For the truly obsessive, Day 3 comes on Saturday. and largely consists of teams reading off names by phone in robotic fashion. It's not that rounds 11-40 (yes, 40!) ever succeeds at the highest levels, but information on these players is usually sparse outside of private team dossiers, making this something of an exercise in futility.
How do I watch it?
Day 1 of the draft will be broadcast on the MLB Network and streamed from MLB.com following an hour-long preview show. If all you want is a bunch of former players and team personnel sitting at desks on that weird baseball diamond set the MLB Network has, then this is when you'll want to pay attention.
Day 2 is a rather more muted affair, generally consisting of a few guys at a news desk waiting for teams to make their picks via. phone and then doing the usual draft business of providing a brief look at the pick and endless talk over the best remaining players available, etc., etc. This will be available only by way of stream from MLB.com.
Come Day 3, the desk goes away and all we get is an audio stream of the selections being made. In case you're not picking up on the trend here, maybe don't bother with Day 3?

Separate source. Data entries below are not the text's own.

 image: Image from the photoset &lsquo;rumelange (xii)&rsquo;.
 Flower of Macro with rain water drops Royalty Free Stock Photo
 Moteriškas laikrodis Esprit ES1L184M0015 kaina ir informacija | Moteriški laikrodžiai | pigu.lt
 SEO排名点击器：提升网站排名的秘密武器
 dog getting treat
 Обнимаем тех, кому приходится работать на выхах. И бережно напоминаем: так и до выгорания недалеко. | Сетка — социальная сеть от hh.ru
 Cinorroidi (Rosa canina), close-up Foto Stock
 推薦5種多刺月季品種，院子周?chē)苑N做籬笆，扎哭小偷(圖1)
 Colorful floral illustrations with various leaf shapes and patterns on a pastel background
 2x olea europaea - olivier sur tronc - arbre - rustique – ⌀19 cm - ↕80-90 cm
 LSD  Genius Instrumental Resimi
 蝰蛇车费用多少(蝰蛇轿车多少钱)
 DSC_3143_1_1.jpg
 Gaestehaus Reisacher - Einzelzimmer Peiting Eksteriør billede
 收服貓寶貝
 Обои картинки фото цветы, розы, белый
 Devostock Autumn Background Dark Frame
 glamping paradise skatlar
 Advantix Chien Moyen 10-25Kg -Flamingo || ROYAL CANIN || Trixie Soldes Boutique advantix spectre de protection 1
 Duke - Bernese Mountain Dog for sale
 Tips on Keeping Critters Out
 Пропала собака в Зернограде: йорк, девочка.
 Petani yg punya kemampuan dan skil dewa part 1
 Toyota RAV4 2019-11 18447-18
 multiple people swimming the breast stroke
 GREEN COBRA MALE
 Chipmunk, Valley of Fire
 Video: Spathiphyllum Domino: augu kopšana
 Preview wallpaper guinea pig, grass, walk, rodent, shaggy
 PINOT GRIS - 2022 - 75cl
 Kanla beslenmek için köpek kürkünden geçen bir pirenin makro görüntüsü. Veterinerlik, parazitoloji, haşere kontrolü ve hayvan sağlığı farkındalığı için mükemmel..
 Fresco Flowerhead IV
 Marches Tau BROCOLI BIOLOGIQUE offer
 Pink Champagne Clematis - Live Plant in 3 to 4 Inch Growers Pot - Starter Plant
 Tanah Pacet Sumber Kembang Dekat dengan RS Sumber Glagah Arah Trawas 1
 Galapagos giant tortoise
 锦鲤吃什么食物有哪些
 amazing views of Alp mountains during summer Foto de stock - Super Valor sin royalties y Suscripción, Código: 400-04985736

So what's Boston's part in all this?
We've covered this before, and the full pick order is available here, but for a quick recap, the Red Sox will be picking 26th, second-to-last ahead of the St. Louis Cardinals, and then again at no. 33 thanks to Jacoby Ellsbury's departure to the Yankees. If you're wondering why there are fewer than 30 picks in that first round, it's because of teams like New York losing their first-round pick after signing big name free agents who received qualifying offers from their old teams.
The Red Sox will pick again on Day 1 in round two at 68, then move on to making one selection every round from there on. Given other compensation picks, their third round selection will be no. 104, and their fourth round selection no. 135, with every other pick coming in increments of 30.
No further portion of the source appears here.